AVAILABLE RECORDS =>
□ □ □ □ □
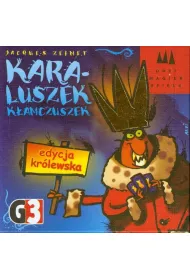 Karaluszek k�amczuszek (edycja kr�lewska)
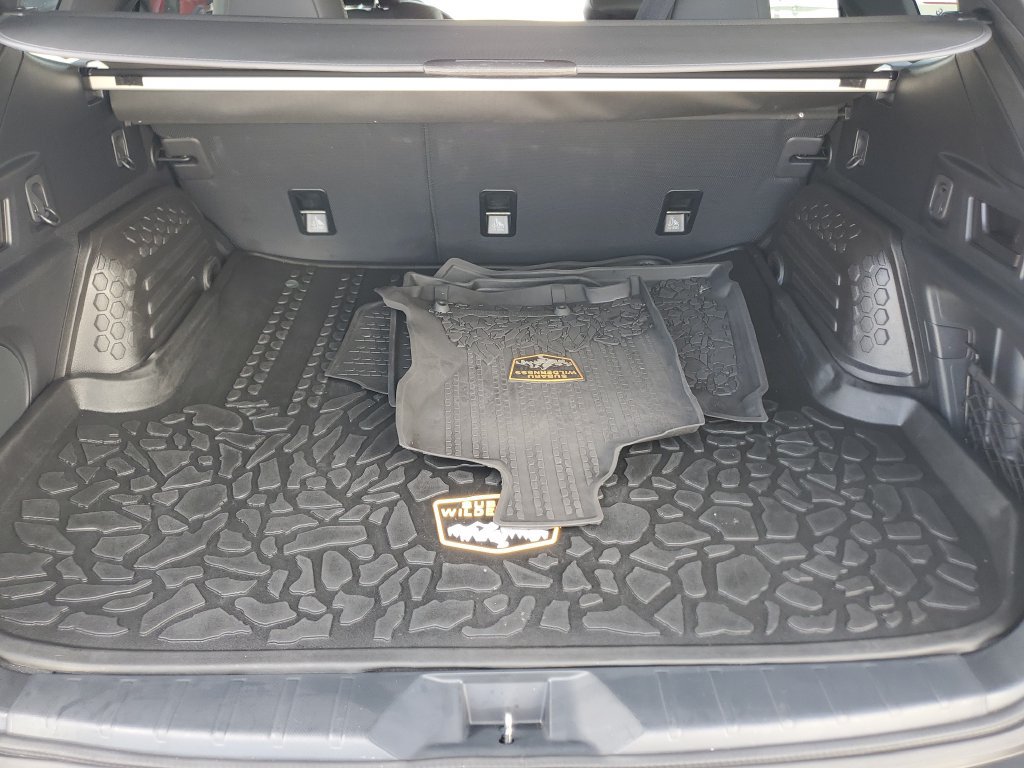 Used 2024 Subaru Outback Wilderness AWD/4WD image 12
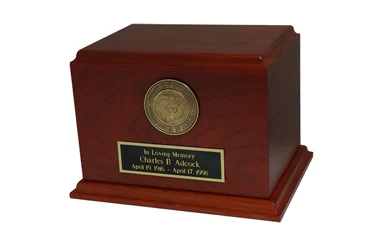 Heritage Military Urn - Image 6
□ □ □ □ □
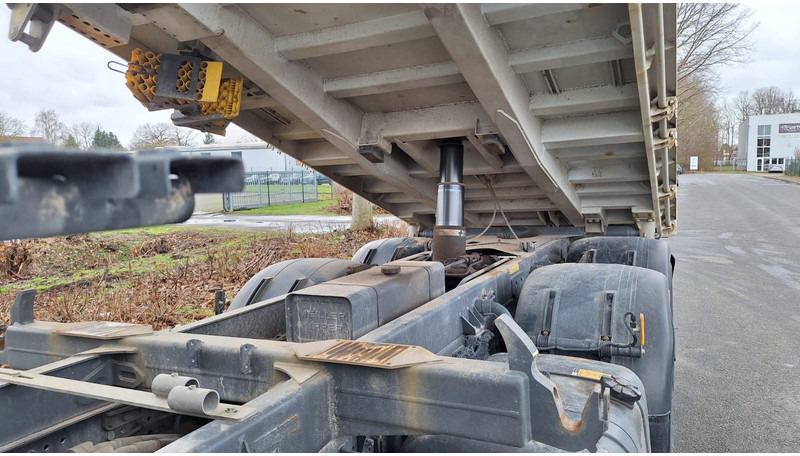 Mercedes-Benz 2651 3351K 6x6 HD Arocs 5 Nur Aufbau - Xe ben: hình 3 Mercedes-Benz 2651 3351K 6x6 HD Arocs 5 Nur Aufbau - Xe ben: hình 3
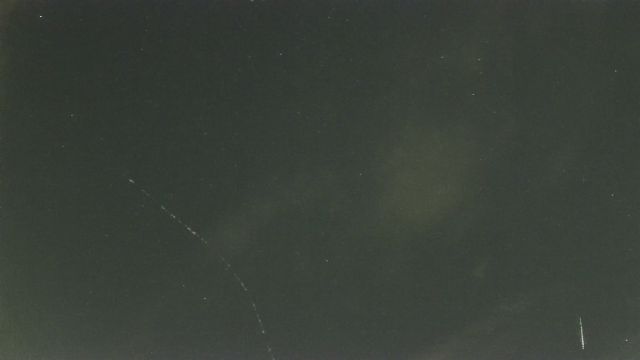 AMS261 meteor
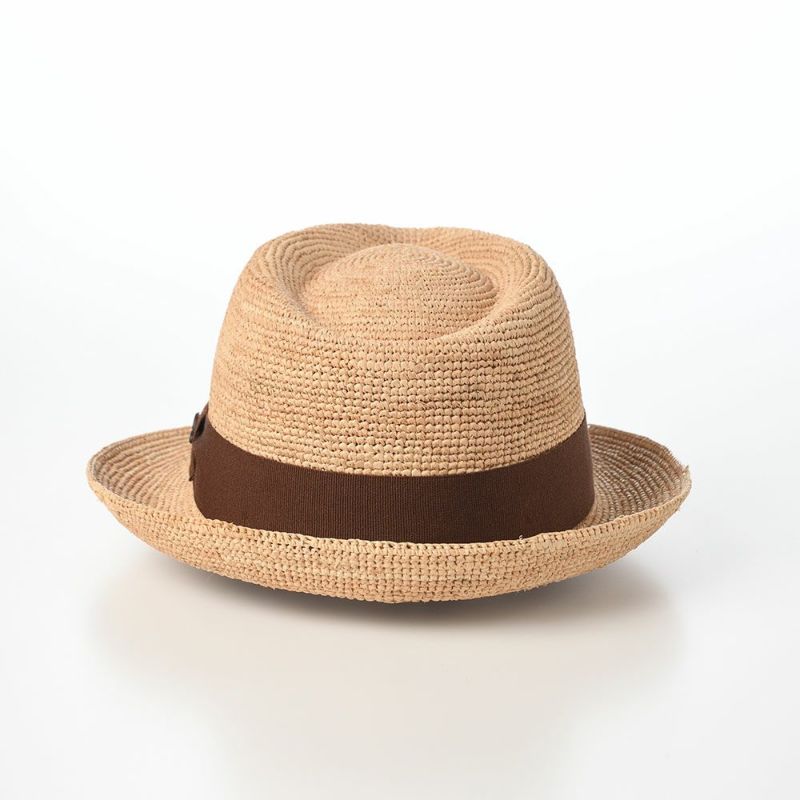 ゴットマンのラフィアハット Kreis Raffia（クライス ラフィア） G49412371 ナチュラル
□ □ □ □ □
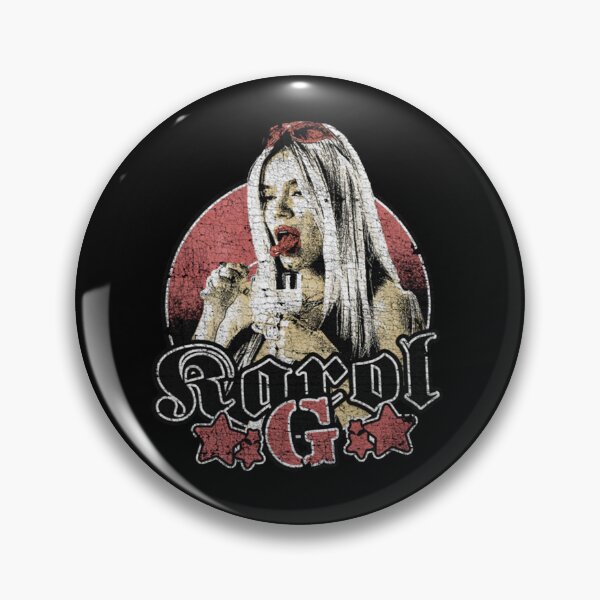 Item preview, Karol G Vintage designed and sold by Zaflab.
□ □ □ □ □
WORK TO BE COMPLETED =>
From the records above, extract the lines from the one holding "Used 2024 Subaru" through the one holding "Heritage Military Urn - Image 6", word for word; omit the pictures.

OUTPUT BELOW =>
 Used 2024 Subaru Outback Wilderness AWD/4WD image 12
 Heritage Military Urn - Image 6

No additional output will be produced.